Low Testosterone? How to Tell

Take a look at these questions, and answer each one YES or NO.

A. Have you felt a general decrease in your desire and ability to have sex?
B. Are you continually experiencing a general lack of energy?

Over the last few years…
1. Have you noticed a decrease in your physical strength?
2. Have you noticed you now spend less time in a physical activity before feeling exhausted?
3. Have you lost an inch or two in height?
4. Do you enjoy life less?
5. Are you continually sad or grumpy?
6. Have your erections been less firm?
7. Do you play sports less often because your ability to play have gotten worse?
8. Do you often fall asleep right after dinner?
9. Has your work performance gotten worse?

Did you answer YES to both A & B, or YES to any three of the questions #1-9? Then you may have low testosterone levels. It is quite normal for levels of testosterone to decrease as a man grows older, but excessive declines should be investigated.

When a boy reaches puberty, it’s testosterone that deepens the voice, grows muscles, strengthens bones, gives a kick start to the male libido, and maintains these male traits all through the years of a man’s life. For most men, at about the age of forty, though, the rate of testosterone production by the body begins to decrease, and continues to fall as the years go by. By the age of fifty, almost all men have lower levels of testosterone production, which continue to fall by about 1-2% per year. But, some men experience far greater decreases, and should look into the possibilities of medical treatment.

What are the numbers? Low testosterone is a level less than 300 nanograms per deciliter of blood. Of course, if the symptoms aren’t there, then there is no need to raise what might be considered, by the numbers, a low testosterone level. But, as we’ve just said, a number by itself means nothing — you have to look for the symptoms too: erectile dysfunction, low sex drive, moodiness, and fatigue.

The preferred therapy for testosterone replacement is one that brings the level in the blood up to the normal level. Vehicles for this therapy include skin patches, skin gel, tablets to be swallowed, or injections. Testosterone replacement therapy should be avoided if you have any of these medical conditions:
– metastatic prostate cancer
– metastatic breast cancer
– sleep apnea
– severe benign prostatic hypertrophy
– severe congestive heart failure
– erythrocytosis (high red blood cell counts)
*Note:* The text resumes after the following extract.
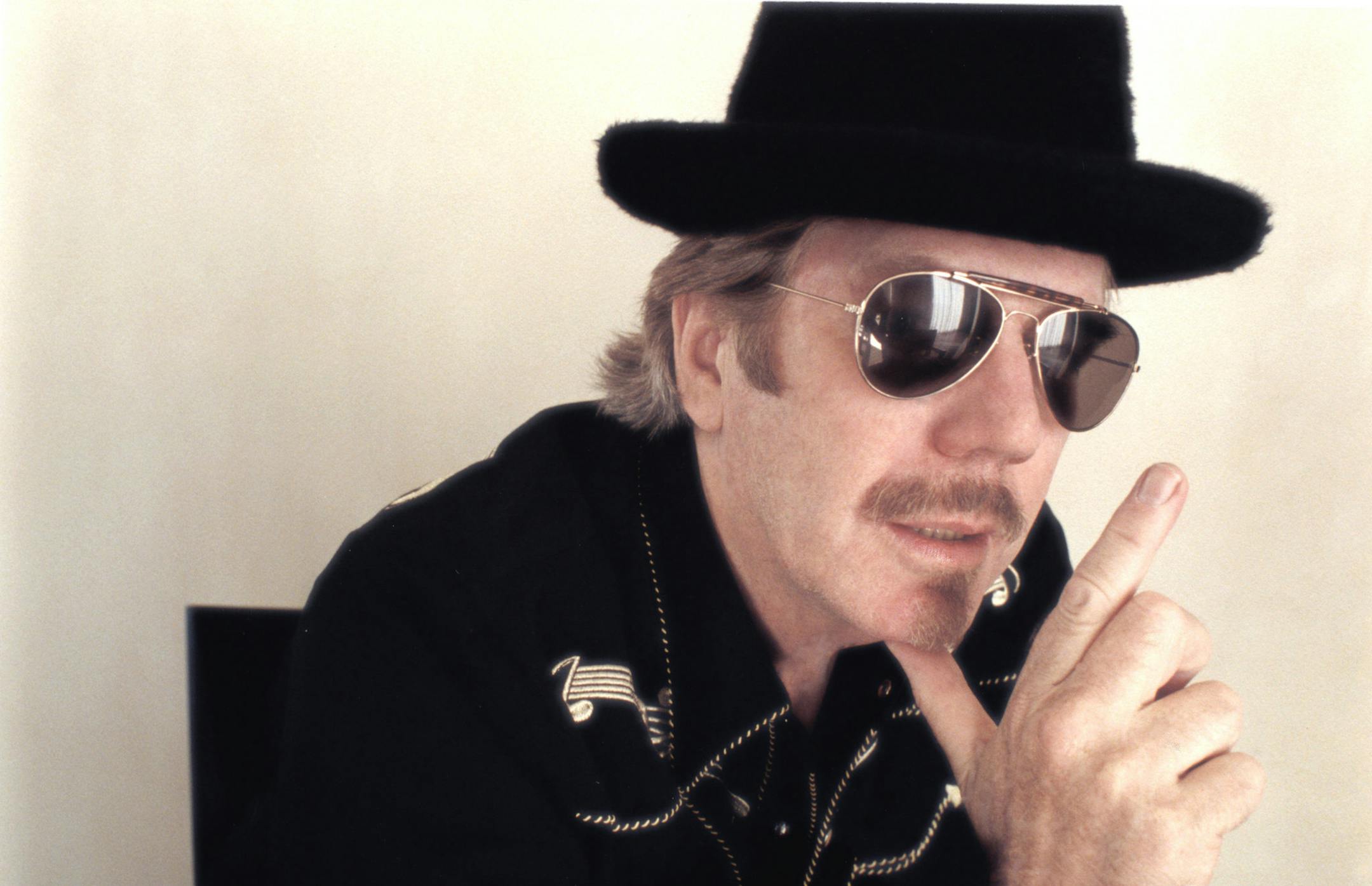 Photo by Jenee Crayne; Publicity photo of Dan Hicks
And is there more to low testosterone than those symptoms? Are there other effects on your health? Low testosterone has been statistically linked to several medical conditions: diabetes, obesity, cardiovascular disease, and mental depression. Now, we’re not saying there’s a cause and effect paradigm here. It may simply be that both low testosterone and these medical conditions might spring from the same source. An unknown physiological process that causes, say, high blood pressure, may also turn out to be the cause of low testosterone levels.
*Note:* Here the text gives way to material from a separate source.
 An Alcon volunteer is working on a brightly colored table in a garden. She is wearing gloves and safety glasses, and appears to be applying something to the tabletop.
One of the uses of testosterone by the body is the building of bone; therefore, a low testosterone level might lead to osteoporosis, the thinning of bone, in men. Yet, testosterone therapy that restores a normal level to a man with thinning bones seems to have no effect whatsoever on his osteoporosis. Physicians and researchers agree that this is indeed a mystery.

Though prescriptions for testosterone replacement have grown almost 1700% over the last few years, only about 10-15% of the men who would benefit from such therapy are being treated. One reason might be a general reluctance to men to seek medical treatment related to their sexual organs; another might be the wide differences among men in response to such therapy. Records show that about ten percent of men treated experience no improvement; on the other hand, that means that about 90% do see improvement.